Last quarter I helped a team migrate a large Go codebase from an internal HTTP framework to standard library patterns: around 200K lines across 40+ services. It was the kind of project where you know the end state, you know the transformation rules, and the work is 90% mechanical and 10% judgment calls that keep you up at night.
We used LLMs to handle the mechanical 90%. It worked. But “it worked” comes with enough caveats that it’s worth being honest about what actually happened.
What the AI was good at
Pattern matching and consistent transformation are the sweet spot. We had about 15 distinct patterns that needed to change: custom route handlers to standard ones, middleware signatures, and error response formats. For each pattern, we wrote a clear transformation rule with before/after examples.
The LLM could take a file, identify which patterns were present, and produce a transformed version. For straightforward cases, it was faster than any human and more consistent. It didn’t get bored on file 200. It didn’t introduce typos. It applied the same transformation rule the same way every time.

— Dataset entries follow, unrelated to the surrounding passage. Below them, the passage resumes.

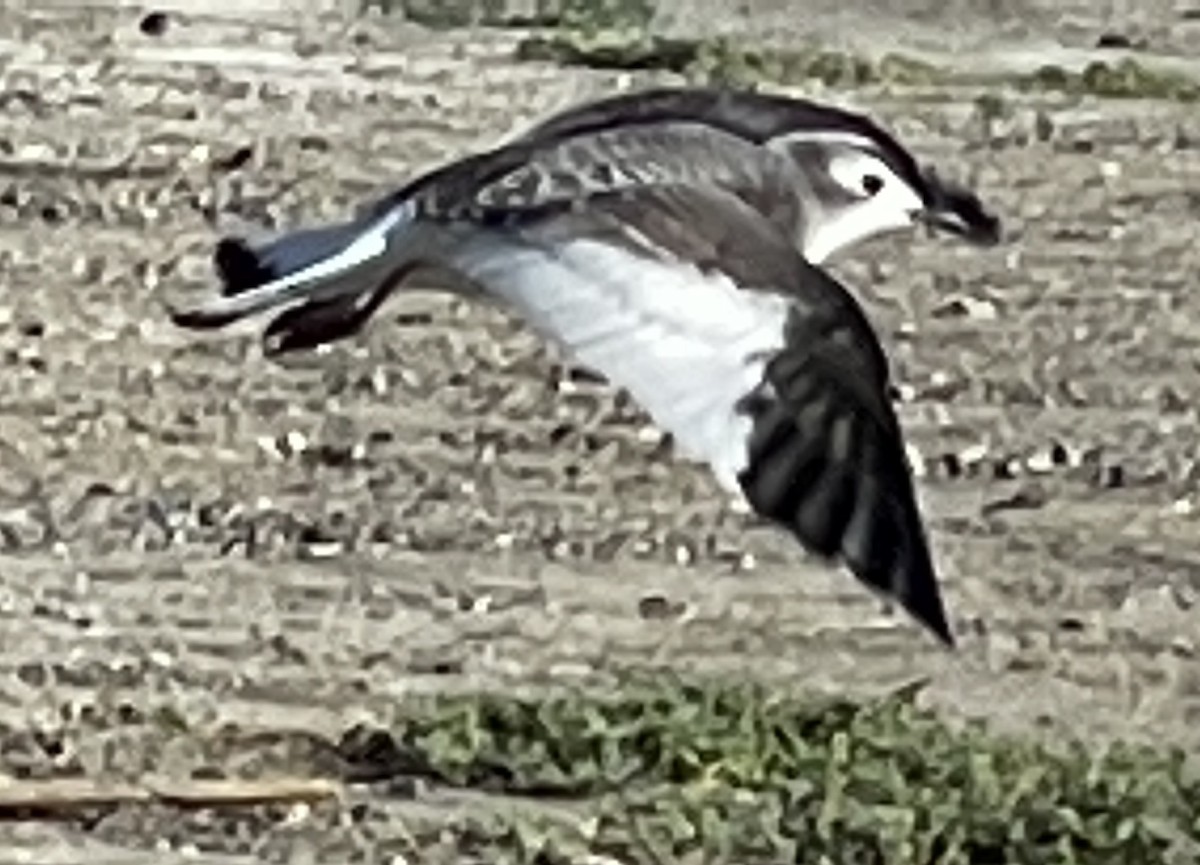 Mouette de Sabine - ML489159651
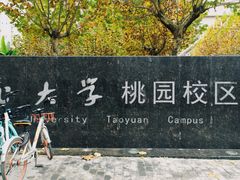 -西北大学(桃园校区)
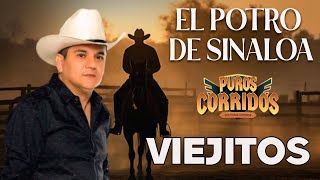 EL POTRO SINALOA - PUROS CORRIDOS VIEJITOS - Las Canciones que Definieron su Éxito"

We processed about 300 files in two days that would have taken two engineers a couple of weeks. The mechanical savings were real.
What the AI was bad at
Judgment. The 10% of cases that didn’t fit neatly into the transformation rules required understanding intent, not just pattern matching: a handler that looked standard but had a subtle side effect; a middleware chained in an unusual order for a specific reason; error handling intentionally different from the standard pattern because of a business rule documented nowhere except a Slack thread from 2021.
The LLM would happily transform these cases using the standard rules. The output would compile. The tests would pass. And the behavior would be subtly wrong in ways that only surfaced under specific conditions.
This is the dangerous part. AI-generated code that’s almost right is harder to catch than code that’s obviously wrong. It passes automated checks and casual review. Then you find the bug three weeks later when a customer reports something weird.
The workflow that worked
Here’s what we settled on after the first batch of surprises:
Step 1: Scope with samples. Don’t start with “migrate everything.” Pick 10 representative files that cover the range of patterns. Run them through the LLM. Review the output manually. This reveals the transformation rules you need and the edge cases you’ll need to handle differently.
Step 2: One rule per pattern. Write each transformation rule explicitly. Not “update the HTTP handlers,” but “replace framework.Handler(func(ctx *Ctx) error {...}) with http.HandlerFunc(func(w http.ResponseWriter, r *http.Request) {...}) and move error handling to…” The more specific the rule, the better the LLM follows it.
Step 3: Small batches, continuous validation. We processed 10-20 files at a time. After each batch: run the build, run the tests, run the linter, and do a quick diff review. If something broke, fix it and update the transformation rule before continuing. Don’t accumulate 200 files of changes and then try to debug a test failure.
Step 4: Flag the hard ones. When the LLM produced a transformation that looked different from the standard pattern, we flagged it for human review instead of forcing it through. About 15% of files got flagged. Those were the ones where the AI saved us no time at all – but catching them early saved us from a lot of pain later.
Treat AI output as draft code
This is the principle that made the whole process work. Every AI-generated change went through the same review process as a human-written change. Same CI checks. Same code review. Same approval workflow.
The temptation is to trust the AI more because it’s consistent and fast. Resist that temptation. The AI is a junior engineer who types incredibly fast and never pushes back on your instructions. That’s useful. It isn’t the same as reliable.
What I’d do differently
I’d build the evaluation harness first. We started the migration, then realized we didn’t have a good way to verify that migrated services behaved identically to the originals. We retrofitted integration tests, but it would have been faster to invest that time upfront.
I’d also version the transformation rules alongside the code. We iterated on the rules as we discovered edge cases, but we didn’t track which version of the rules produced which batch of changes. When we found a bug, tracing it back to the specific rule version that caused it was harder than it should have been.
The honest summary
AI made a two-month migration take three weeks. That’s a genuine win. But it didn’t change the nature of the hard parts. Scoping, validation, edge case handling, and human judgment on ambiguous cases – those are still the bottleneck. The AI accelerated the parts that were already straightforward.
Use AI for migrations. Just don’t pretend it replaces the discipline that makes migrations safe.